Selon Le Parisien, un tel accord a été conclu entre le groupe armé et Yves Bonnet, à l’époque patron de la Direction de la surveillance du territoire (DST). M.Bonnet, en personne, l’a reconnu le 30 janvier dans le bureau du juge chargé d'enquêter sur l'attentat de la rue des Rosiers.
«On a passé une sorte de deal verbal en leur disant: Je ne veux plus d'attentat sur le sol français et en contrepartie, je vous laisse venir en France, je vous garantis qu'il ne vous arrivera rien», a-t-il alors indiqué, d’après Le Parisien.
Le haut fonctionnaire retraité a précisé que ce n’était pas lui qui négociait avec les membres de l’organisation, mais «ses collaborateurs». Toutefois, il a reconnu que «la responsabilité de l'accord» reposait sur lui. Quoiqu’il en soit, il ne s’agissait pas, d’après lui, des auteurs de l’attentat, mais de leurs «comparses».
Réaction des victimes
Si M.Bonnet prétend que l’accord avait pour but d’«assurer la sécurité des Français» et qu’il «a marché» car «il n'y a plus eu d'attentats à partir de fin 83 en 84 et jusqu'à fin 1985», les victimes se disent choquées par une telle révélation. «C'est une honte […] Imagine-t-on les services secrets négocier aujourd'hui avec Daech», estime Yohann Taieb, proche d'une des victimes. Pour Me Avi Bitton, avocat des parties civiles, il s’agit d’«une affaire d'État»
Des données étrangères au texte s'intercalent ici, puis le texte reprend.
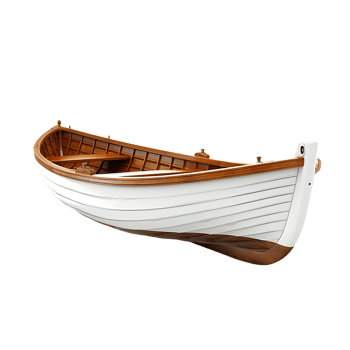 3d boat on isolated transparent background png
«Il faut qu'une enquête parlementaire soit créée et pas uniquement sur le dossier de la rue des Rosiers. De tels pactes ont-ils été noués avec d'autres organisations ? C'est possible lorsqu'on voit les agissements de l'entreprise Lafarge en Syrie», indique ce dernier, cité par le quotidien.
Quant à Yves Bonnet, il affirme que Gilles Menages, alors directeur de cabinet de François Mitterrand, était au courant de l’accord, mais qu’officiellement «l'Élysée ne savait rien».